日本各地で行われる花火大会のほとんどが、祭りや地域のイベントなど夏の風物詩の一つとして数えられる一方、「大曲の花火」は花火師の競技会として開催。現在は、全国から選び抜かれた30社以内の花火業者により、「昼花火の部」と「夜花火の部」に分けて競技が行われます。
感染症の拡大で花火大会等のイベントが軒並み中止となり、苦境に立たされた花火業界。皮肉にも、花火は疫病退散や鎮魂のために打ち上げられたのが始まりと言われています。新たなライフスタイルが浸透しつつある中、「第94回全国花火競技大会」の開催がついに決定! 誰よりも楽しみにしているのは花火職人ではないでしょうか。
同大会が行われる大仙市にある花火業者4社の中でも、「株式会社 小松煙火工業」は創業130年余りの老舗で、花火の製造・販売から、打ち上げや花火大会の演出までを行います。4社で結成される「大曲の花火協同組合」の代表理事でもある小松忠信さんの元で現在修業に励む小松智昭さんに、ものづくりや「大曲の花火」への思いを聞きました。
花火の魅力について尋ねると、「妻に初めて『大曲の花火』へ連れて来てもらった時、音楽付きのワイドスターマインに感動したんです。(花火を打ち上げるって)すごい職業なんだな、と。それにフィナーレに行われる花火師とのエール交換でお客さんの感謝が伝わってきて…、花火ってそれだけ魅力的なんだと肌で感じて、この世界に飛び込みました」と話してくれました。
歴史に裏打ちされた伝統の技を、最新ツールを駆使した演出と融合し、光と音で届ける同社。主役の花火は火薬を調合する「配合」に始まり、火薬の玉を作る「星掛け」、火薬の玉を込める「玉込め」、仕上げの「玉貼り」の4工程で、一つひとつ手づくりされています。
花火づくりはすべて手作業なので、一つひとつの工程が出来に直結します。「玉込めは1日でできるとしても、玉貼りには1週間…。玉一つ作るのに10号(直径30cm)だったら1カ月くらいかかるんです。それが打ち上がると7、8秒で終わってしまうんですよね。その一瞬を見てもらうために、思いを込めて作っています」。
今年は11月まで、約80カ所のイベントで打ち上げ予定とのこと(取材時は6月下旬)。「コロナ禍ではありますが、感染状況が落ち着いてきたことをうけて、イベントの開催が続々と決まってきました。例年ですと4月から繁忙期に入りますが、急に繁忙期が来たといったところです」と教えてくれました。

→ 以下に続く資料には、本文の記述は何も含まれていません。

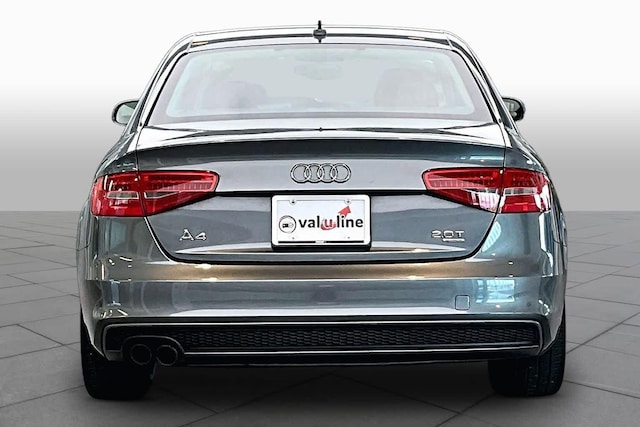 2014 Audi A4 Sedan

これから花火師としての経験を積んでいく小松さんに、〈伝統を受け継ぐこと〉について伺いました。「火薬類の爆発や発火の事故を起こしたら130年の会社の歴史を失ってしまうので、安全は第一です。しっかり受け継いで、次の世代にもつなげていきたいです」。
2022年夏、待ち望む声が多く聞かれる中で3年ぶりに開催される「大曲の花火」について、小松さんは話します。「各花火業者はこの3年近く休業等を強いられる中で、たくさんの構想を広げられたのではないかと思います。『大曲の花火』は私たちにとってもやはり特別な思いがあります」。

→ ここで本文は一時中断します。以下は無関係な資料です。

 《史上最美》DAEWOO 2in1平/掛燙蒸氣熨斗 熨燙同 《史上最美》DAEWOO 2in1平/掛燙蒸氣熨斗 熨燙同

大会の見どころについて尋ねると、「夜花火の部は10号玉・芯入割物、10号玉・自由玉、創造花火の順番で行われます。『大曲の花火』が発祥となっている創造花火は、その年の最新技術やアイデアを盛り込んでくるので、見たことのない演出が見られ、この競技会ならではだと思います」。

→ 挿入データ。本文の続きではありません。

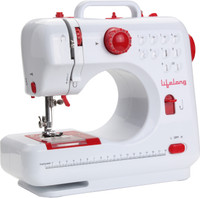 Lifelong HomeStyle Electric Sewing Machine( Built-in Stitches 10)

気になるのは、「小松煙火工業」の花火の特徴です。「多重芯※ですね。10号玉・芯入割物は今のところ最高レベルが五重芯。毎年この大会で最高を目指して、芯がいかに綺麗になるかの挑戦です。〈芯が綺麗に出てこそ小松!〉の評価をいただけたらと思っています。ぜひそこに注目して見てください」。
※多重芯…外側の大きな円の中に小さな円が見える花火の、内側の円を「芯」と言い、割物の花火で芯があるものは「芯入」と呼ばれる。それが複数入ること。
10号玉・自由玉の見どころについて、「美しさと新しさ。あとは玉名と花火のイメージが合っているかに注目してみてください。そういうポイントがわかると楽しいですよね」と話してくれました。
最後に、「昼花火の部」で「小松煙火工業」は3連覇を果たしています。「光と音と煙で魅せる昼花火は、全国で『大曲の花火』のみの演目です。4連覇はもちろん、狙うは夜花火の部との総合審査による最高位『内閣総理大臣賞』です」。
「いずれは自分が考案した玉を『大曲の花火』で打ち上げられるようになりたい」と力強く話してくれた小松さん。時間をかけて作った花火玉が瞬時で消える儚さはありつつ、一瞬で多くの観衆を魅了する大曲の花火、この夏こそ見に行くのが楽しみです。大仙市・大曲では、春夏秋冬にわたって花火が打ち上げられているのでぜひ注目してみてください。